After Joel’s session, the group weren’t off the hook as they also trained for a further 35 minutes with David Fairlamb in the gym.
“The key thing is the movements and the intensity, rather than the equipment,” says Joel. “You don’t need a lot of equipment – just a bit of knowledge and time.
“It was quite short and sharp but quite intense with rest sections so they were working to their maximum ability.
“I was incredibly surprised by the group. They were all fantastic and putting so much effort into it. It just shows you that it doesn’t take long doing consistent exercise to get fit.
“For some it’s completely changed their outlook and what they thought they were capable of doing.”
Dad-of-two Nick Cotterill, 40, from North Shields, says: “It was a really short, sharp and tough session with Joel. We were working at five different workstations with running in between. It was a hard session but I’m starting to enjoy this kind of challenge.
“I completed three five-mile runs over the past week and am looking at doing eight miles this Sunday to prove to myself I can do it.”
The project manager adds: “I really feel I need to make 100% effort over the final two weeks of Fit Factor.

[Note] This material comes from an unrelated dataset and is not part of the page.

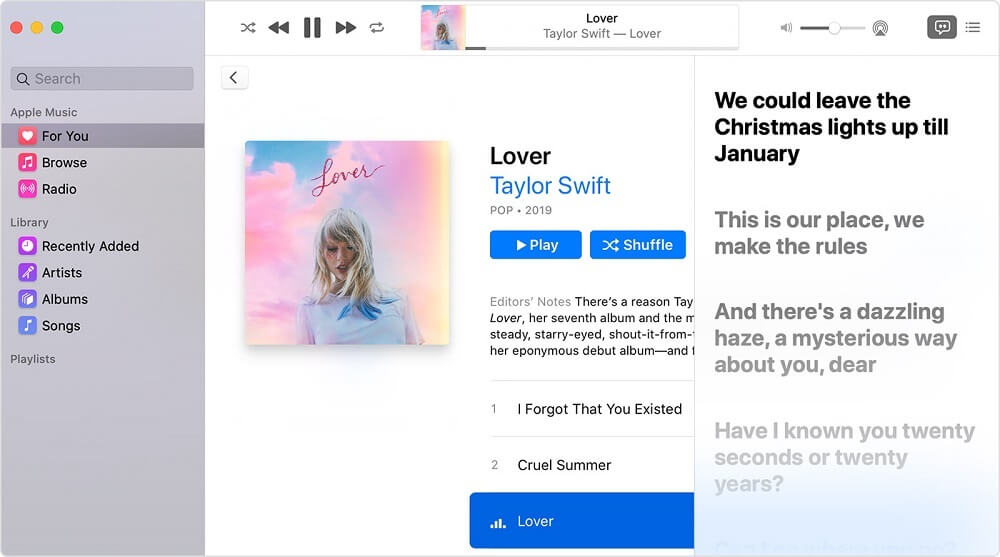 Interfaz de letras de Apple Music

I’m starting to look at how I am going to continue once it finishes. The rugby club start pre-season training in late June so I’m going to start doing some of that.
“I’m going to continue my running in preparation for the Great North 10K and the Great North Run and continue to attend Beach Bootcamp on a regular basis.”

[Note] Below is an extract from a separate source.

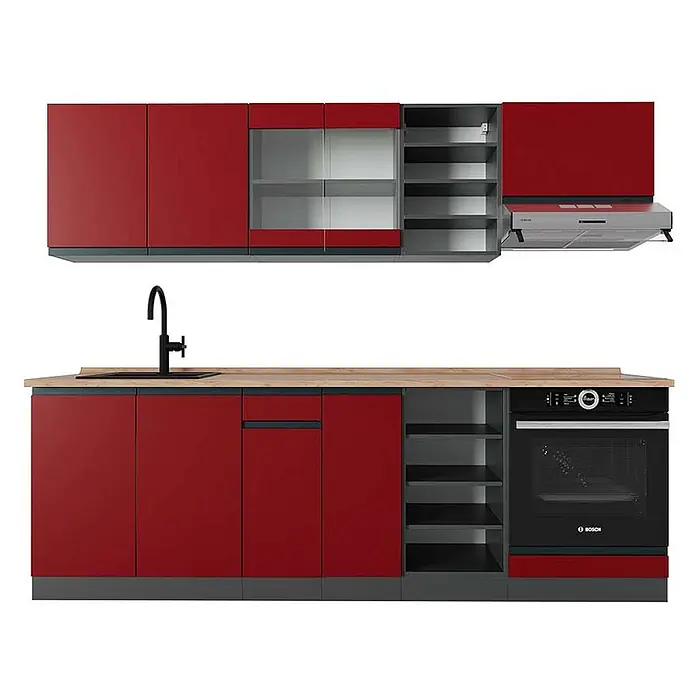 Vicco Küchenzeile R-Line Rot/Anthrazit J-Shape, AP Eiche - Breite: 240 cm, Rot, Ohne Elektrogeräte - Moderne rote Küchenschränke mit Holzplatte, schwarzem Spülbecken, Ofen und Dunstabzugshaube, mit offenen Regalen und Glastüren.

One of the fittest members – 37-year-old police officer Daniel Henderson from Windy Nook, Gateshead – also found the session useful. “It just showed another example of how you can spend 45 minutes doing a good all-round session without gym equipment,” he says.
He’s also been getting ahead at the beach boot camp sessions. “There were 50 or 60 people there and I was way out in front of them all,” he says. “I got to the front and didn’t want to let anyone pass. That’s my competitive streak coming out. I’m determined I’m still going to do as many beach bootcamps as I can.”

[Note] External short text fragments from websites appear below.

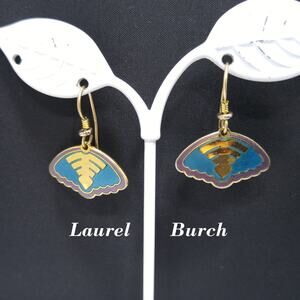 Vintage Laurel Burch Teal Enamel Earrings, Gold Plated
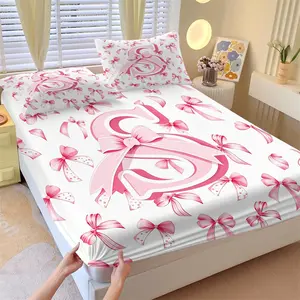 3-Piece Elegant Pink Bow Monogram Letter S Fitted Sheet Set,1 Fitted Sheet+2 Pillowcases,Soft Cozy Fabric,All Season HD Printed,Deep Pocket Non Slip Mattress Cover,Sweet Minimalist Bedding for Guest Room & Women Room Decor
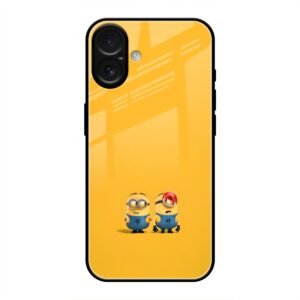 Minions Love Glass Case for iPhone 16 Plus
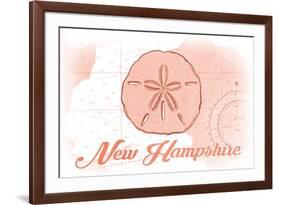 New Hampshire - Sand Dollar - Coral - Coastal Icon-Lantern Press-Framed Premium Giclee Print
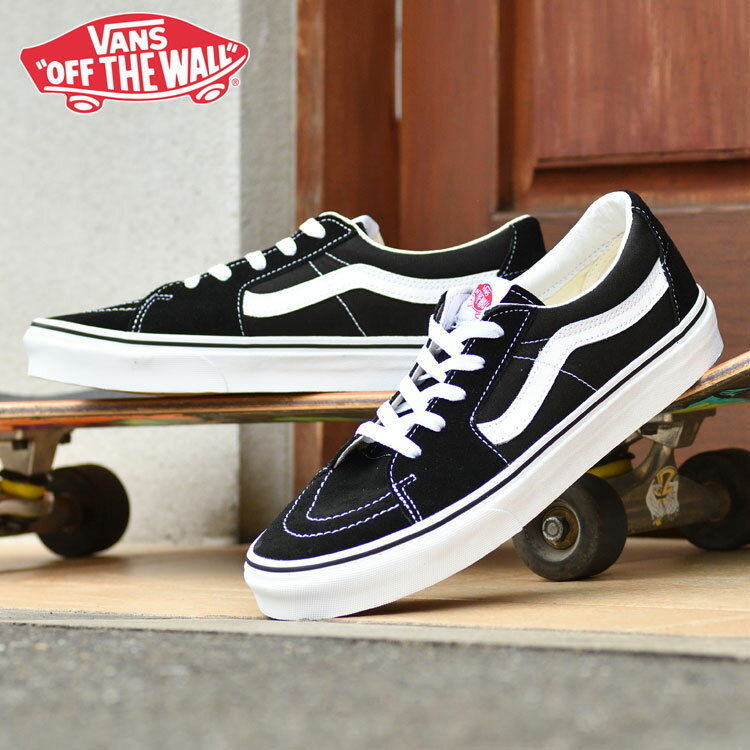 USA企画 バンズ スケートロー スニーカー スケートシューズ ヴァンズ ブラック VANS SK8-LOW BLACK/WHITE VN0A4UUK6BT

Daniel has already returned to Felling Harriers and vows to run with them twice a week after Fit Factor ends. He’s also been playing squash with work colleagues and wants to get back into football.
And he’s already reassessing his original 14-stone target. “Now I’m thinking once I’ve hit that maybe I could get another stone off,” he says. “You have to go off body shape rather than weight though.”
He also admits he’s getting emotional thinking about the end of Fit Factor. “Everyone’s got different strengths and different stories and different abilities, but everyone has been successful in their own particular journey,” he says. “I don’t think you could’ve got a better group.”
Both Dawnn Roe and Steve Mountain found Joel’s session tougher than they imagined. “I could hardly walk afterwards but I really enjoyed it,” says 40-year-old NHS admin worker Dawnn. “It was the running that was the hardest. Normally we’re running at a sedate pace but he had us sprinting.”